S&P looks at home values in 20 major metropolitan areas and calculated the annual price rise was 5% for July.

“Both the housing sector and the economy continue to expand with home prices continuing to rise at about a 5% annual rate,” said a spokesman.

“There is no reason to fear that another massive collapse is around the corner.”

Booking.com

Mixed market

Meanwhile, CoreLogic calculated home values for August and found they were up by 1.1% from July and 6.2% compared with 12 months earlier.

The company also forecasts prices will rise 5.3% over the next year.

US house prices are still an average 5.6% below the peak last seen in April 2006 and are not expected to break through the record limit until October next year.

Individually, 18 states have already climbed back to new record high prices, although values dropped by 1.1% in Connecticut.

Five states that remain the farthest away from peak levels are Nevada (-31.4%); Florida (-22.9%); Arizona (-22.4%); Maryland (-19.3%) and Rhode Island (-18.5%).

The states with the highest increases, says CoreLogic, were Oregon (10.3%); Washington (10.2%); Colorado (9.1%); Utah (7.7%) and South Dakota (7.7%).

Millions still in negative equity

CoreLogic also lists Denver as the metropolitan area with the highest annual price increase at 10%.

Next was Miami, Florida at 7% and Los Angeles, California, at 6.9%.

However, S&P rates Denver, Colorado; Seattle and Portland, Oregon as the top three.

CoreLogic considers the housing markets in Denver; Houston, Texas; Los Angeles, Miami and Washington DC as overvalued and areas to expect a price correction over the coming months.

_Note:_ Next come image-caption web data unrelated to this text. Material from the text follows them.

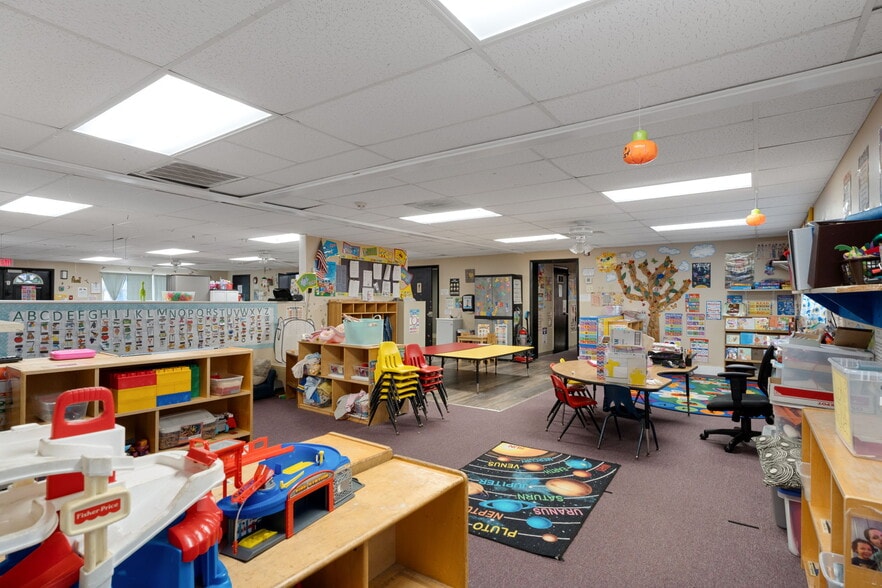 More Photos Of 639 NE 1st St, Crystal River Daycare Center For Sale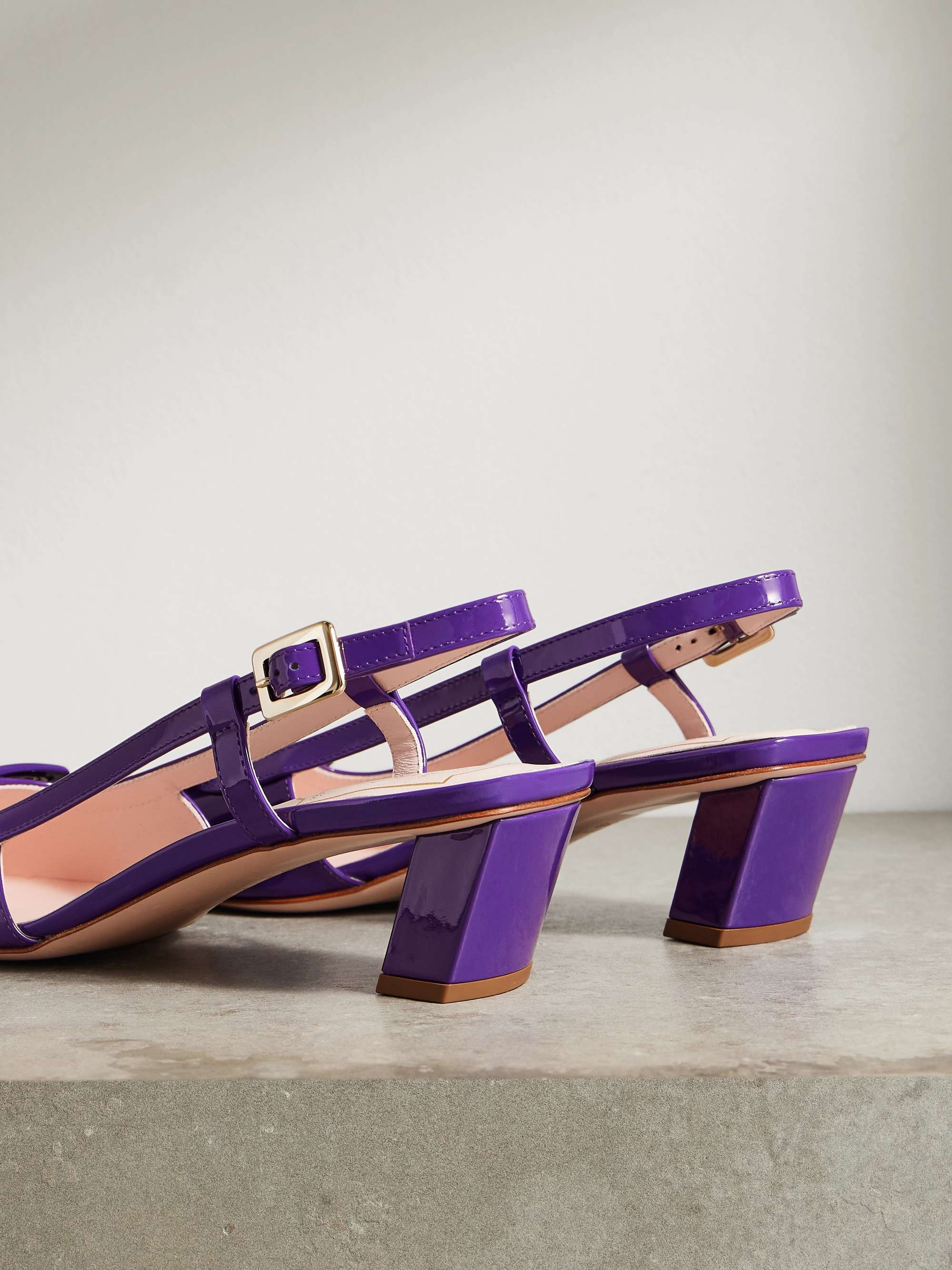 ROGER VIVIER 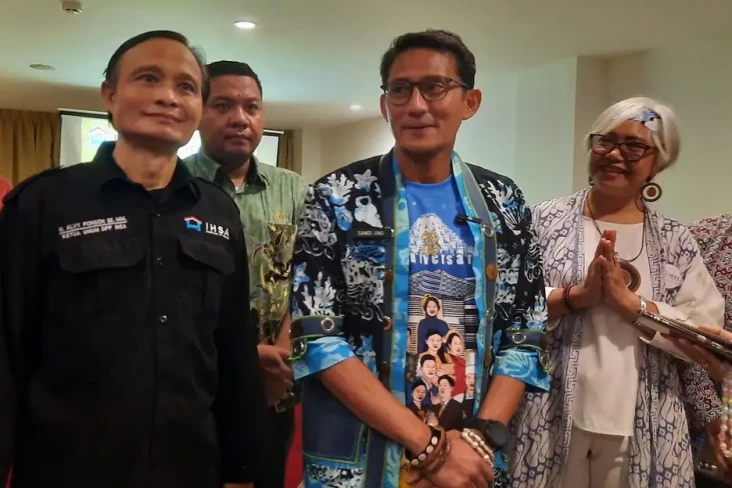 Manfaatkan Pariwisata...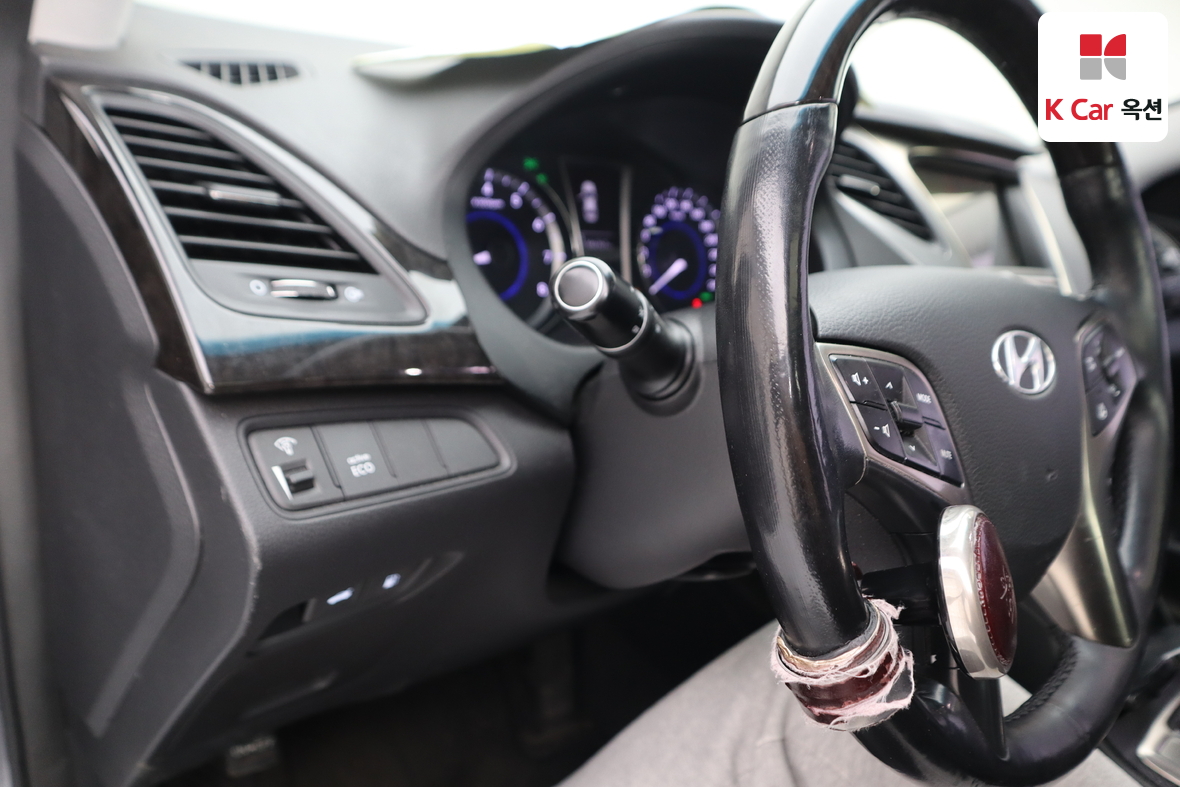 هيونداي أزيرا 2012 - صورة 9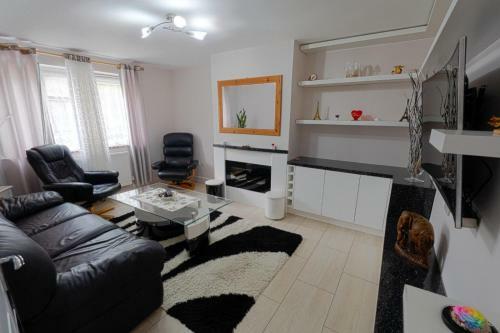 Immaculate 2-bed Apartment In Isleworth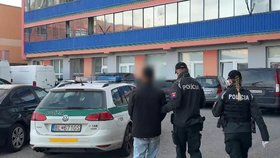 Policie vyšetřuje smrt novorozence, kterého našli v pračce.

The firm says 548,000 homes moved out of negative equity in the second quarter of 2016, and if home price forecasts are accurate, another 700,000 will join them if values rise 5% over the next year.

Around 3.6 million homes still owe more money to mortgage lenders than their homes are worth, while a million have less than 5% equity and 8.6 million have less than 20% equity.